I know most people have moved on to bigger and better White House scandals, but I’m still bothered by the fact that the Bush administration diverted $700 million from appropriations meant for the war Afghanistan and spent it to prepare for our invasion of Iraq. Just as importantly, the White House did not consult with lawmakers about the transfer, as the law required.
This was a fun story for a while, but like all Bush scandals, the White House denied everything, reporters moved on, and the controversy fell under the weight of a newer Bush-related scandals.
Thankfully, however, a Republican House member from Ohio is still talking about the administration’s decision to bypass Congress on war appropriations. Apparently, he believes the complaints are justified.
When Rep. David L. Hobson (R-Ohio) went on an inspection trip to several Persian Gulf countries in the summer of 2002, he was dazzled by the state-of-the-art command centers, airstrips and other facilities being built there for the U.S. military.
But he was also troubled. Some of what he saw or learned from military briefers had not been approved by the House Appropriations Committee panel on military construction, which he then chaired. “I knew I didn’t have that kind of money,” he quipped recently.
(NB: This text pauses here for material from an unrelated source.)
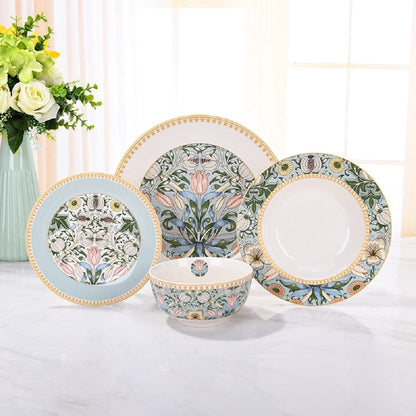 STP Goods Morris Garden Bone China Dinnerware Set da 24 per 6 persone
Hobson’s inquiries ultimately led to a modest tightening of controls over the Pentagon’s ability to move money between military accounts without prior approval from Congress. But the episode has sparked concerns on the part of some lawmakers that the Bush administration largely bypassed Congress as it expanded installations in the Persian Gulf region before the war with Iraq.
This story came to public light, of course, because Bob Woodward’s new book explains how lawmakers on the Hill were “conned” by the White House. But this point overlooks the most important part of the problem: the law prevents such abuses from occurring. The administration simply cannot take money appropriated for one purpose and spend it on something else. That’s illegal.
While Hobson probably isn’t prepared to draw such conclusions, he’s effectively acknowledging that Woodward’s account — Bush set the stage for war with “no real knowledge or involvement” of Congress — is true.
At this point, there still seems to be some disagreement between administration officials at the Pentagon and administration allies in Congress.
[T]he extent to which key congressional committees were given details of the prewar buildup is now a matter of contention between the Pentagon and some senior lawmakers, who say that, at the least, the Pentagon failed to follow the spirit of the laws requiring consultation.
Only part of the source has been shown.